Extracted records
Segment Open

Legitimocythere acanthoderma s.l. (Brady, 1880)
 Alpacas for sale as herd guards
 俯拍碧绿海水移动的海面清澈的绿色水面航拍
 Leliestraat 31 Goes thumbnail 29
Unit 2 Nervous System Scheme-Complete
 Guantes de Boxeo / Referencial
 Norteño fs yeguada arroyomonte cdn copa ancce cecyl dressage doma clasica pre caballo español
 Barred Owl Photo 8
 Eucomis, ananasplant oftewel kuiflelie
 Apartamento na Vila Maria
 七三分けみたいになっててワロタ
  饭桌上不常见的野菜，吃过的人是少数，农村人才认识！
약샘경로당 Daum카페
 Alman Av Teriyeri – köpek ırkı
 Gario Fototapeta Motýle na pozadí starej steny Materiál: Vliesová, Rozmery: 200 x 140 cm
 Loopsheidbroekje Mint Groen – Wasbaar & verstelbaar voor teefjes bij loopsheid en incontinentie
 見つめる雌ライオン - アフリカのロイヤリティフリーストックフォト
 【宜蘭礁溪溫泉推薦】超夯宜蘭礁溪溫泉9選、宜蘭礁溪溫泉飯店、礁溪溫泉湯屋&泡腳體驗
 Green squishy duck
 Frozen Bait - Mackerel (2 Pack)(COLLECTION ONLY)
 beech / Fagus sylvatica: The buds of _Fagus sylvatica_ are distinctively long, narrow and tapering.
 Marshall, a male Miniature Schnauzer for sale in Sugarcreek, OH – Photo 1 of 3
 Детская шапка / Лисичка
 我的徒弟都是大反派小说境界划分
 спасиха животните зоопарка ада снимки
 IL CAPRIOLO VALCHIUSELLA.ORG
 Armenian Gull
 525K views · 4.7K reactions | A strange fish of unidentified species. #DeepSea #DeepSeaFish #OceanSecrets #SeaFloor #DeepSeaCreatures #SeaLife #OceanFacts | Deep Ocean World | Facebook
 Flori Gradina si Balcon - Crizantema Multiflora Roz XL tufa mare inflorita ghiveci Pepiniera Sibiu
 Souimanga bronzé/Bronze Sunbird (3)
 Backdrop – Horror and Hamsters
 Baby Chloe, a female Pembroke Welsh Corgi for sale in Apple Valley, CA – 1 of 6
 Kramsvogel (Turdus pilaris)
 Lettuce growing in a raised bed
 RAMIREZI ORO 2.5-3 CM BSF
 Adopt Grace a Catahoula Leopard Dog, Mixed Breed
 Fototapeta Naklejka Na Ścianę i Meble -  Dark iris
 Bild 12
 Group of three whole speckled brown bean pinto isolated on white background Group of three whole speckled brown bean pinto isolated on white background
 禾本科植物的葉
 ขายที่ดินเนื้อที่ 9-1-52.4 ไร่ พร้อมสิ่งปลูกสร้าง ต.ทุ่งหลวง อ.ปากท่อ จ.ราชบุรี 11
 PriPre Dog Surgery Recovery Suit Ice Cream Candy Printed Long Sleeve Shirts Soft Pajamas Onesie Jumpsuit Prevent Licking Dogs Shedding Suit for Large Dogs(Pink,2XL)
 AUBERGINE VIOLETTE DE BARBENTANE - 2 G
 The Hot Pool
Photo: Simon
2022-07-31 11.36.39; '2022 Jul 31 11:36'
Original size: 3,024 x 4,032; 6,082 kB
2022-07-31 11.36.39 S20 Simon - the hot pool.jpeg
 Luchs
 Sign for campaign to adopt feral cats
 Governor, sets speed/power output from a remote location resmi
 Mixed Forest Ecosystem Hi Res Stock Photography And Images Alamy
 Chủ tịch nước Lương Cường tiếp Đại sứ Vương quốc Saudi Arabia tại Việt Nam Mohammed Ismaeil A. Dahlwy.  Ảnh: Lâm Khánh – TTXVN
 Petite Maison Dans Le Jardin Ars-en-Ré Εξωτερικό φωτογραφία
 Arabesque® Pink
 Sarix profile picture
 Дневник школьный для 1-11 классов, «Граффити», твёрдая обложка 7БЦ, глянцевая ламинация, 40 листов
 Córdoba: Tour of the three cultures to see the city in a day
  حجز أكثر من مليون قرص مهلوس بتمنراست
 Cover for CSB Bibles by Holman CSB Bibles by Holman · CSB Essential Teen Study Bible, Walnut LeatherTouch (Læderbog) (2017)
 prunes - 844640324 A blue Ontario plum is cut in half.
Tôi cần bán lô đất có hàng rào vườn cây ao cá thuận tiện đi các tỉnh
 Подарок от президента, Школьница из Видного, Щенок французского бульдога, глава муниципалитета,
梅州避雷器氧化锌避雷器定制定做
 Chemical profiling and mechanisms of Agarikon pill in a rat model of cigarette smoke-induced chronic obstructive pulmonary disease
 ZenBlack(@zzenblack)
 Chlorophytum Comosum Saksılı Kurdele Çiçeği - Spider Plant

Segment Closed

Work instruction
After going through the entries, say how many lines contain the string "sale". Nothing else belongs in the reply.

Answer box
3